**Instructions for the task:**
Your task is to copy the listing exactly, with the pictures left out.

**Data:**
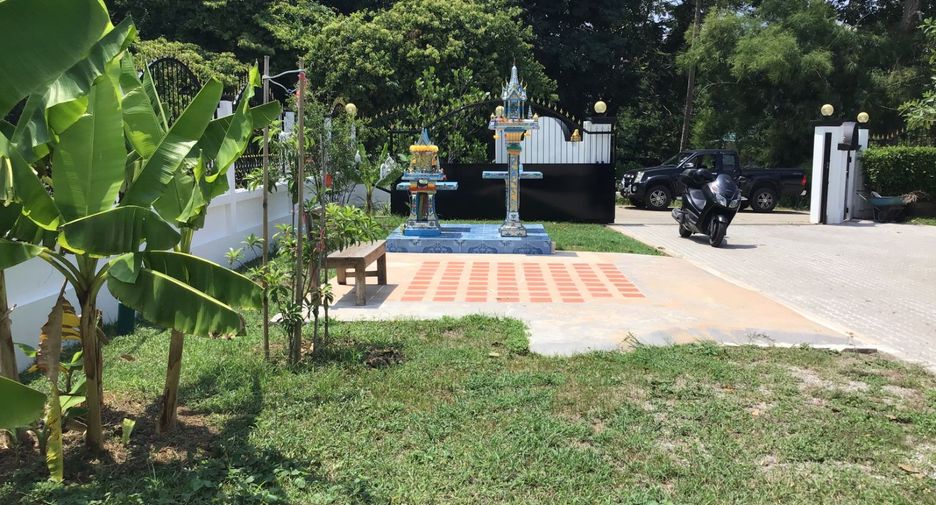 Villa zum Kauf mit 5 Zimmer in Bang Lamung, Chonburi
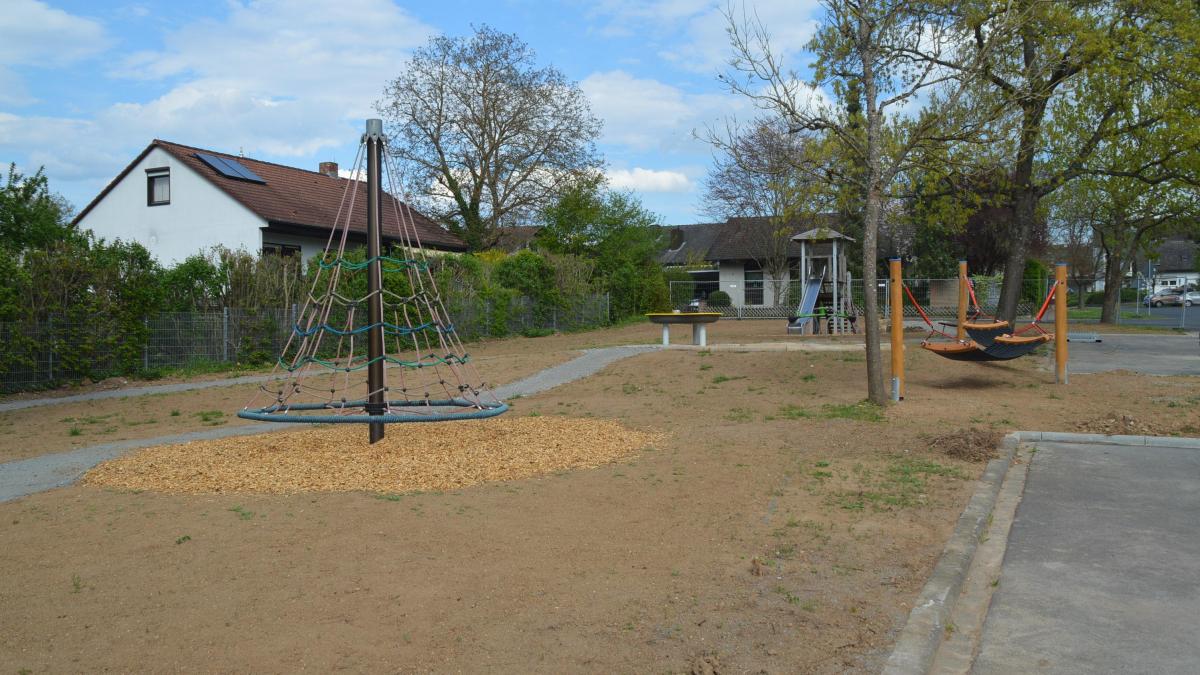Spielplatz – Bild 1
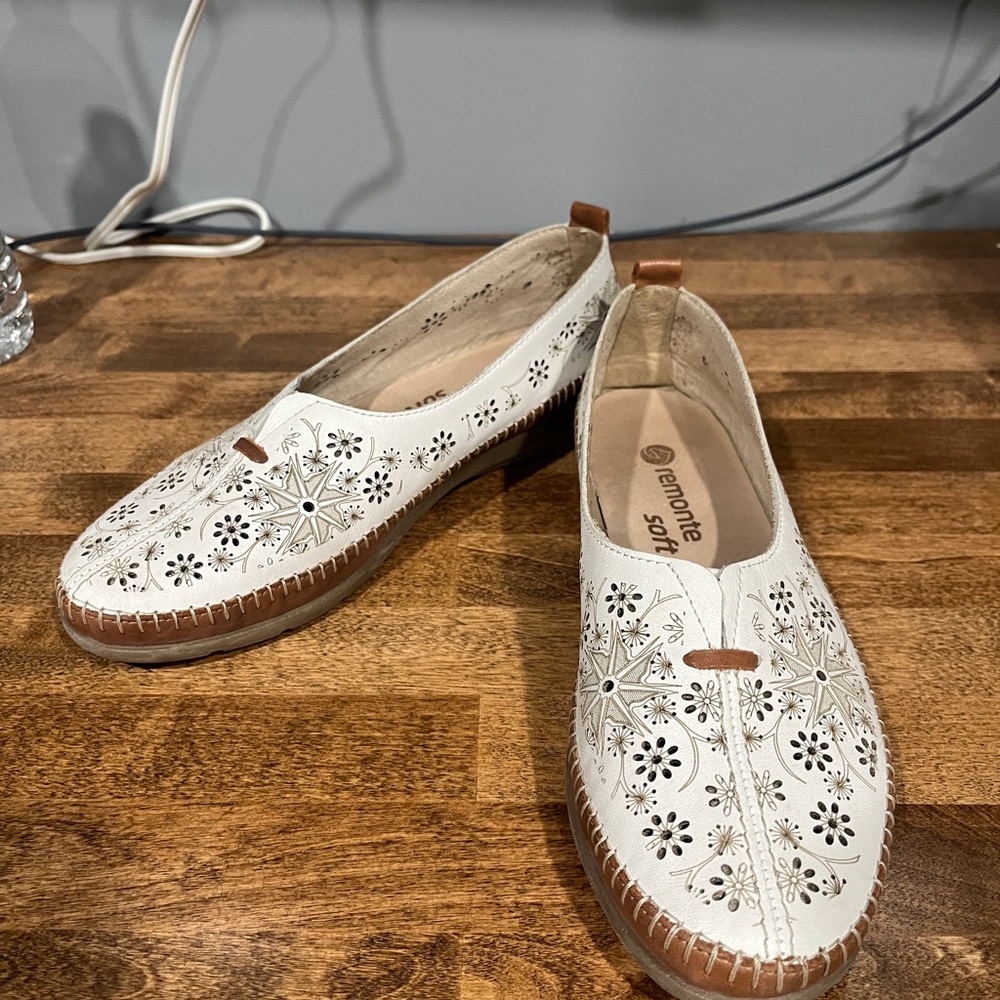 Remonte White and Brown Loafers - Picture 1 of 5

**Output below:**
 Villa zum Kauf mit 5 Zimmer in Bang Lamung, Chonburi
Spielplatz – Bild 1
 Remonte White and Brown Loafers - Picture 1 of 5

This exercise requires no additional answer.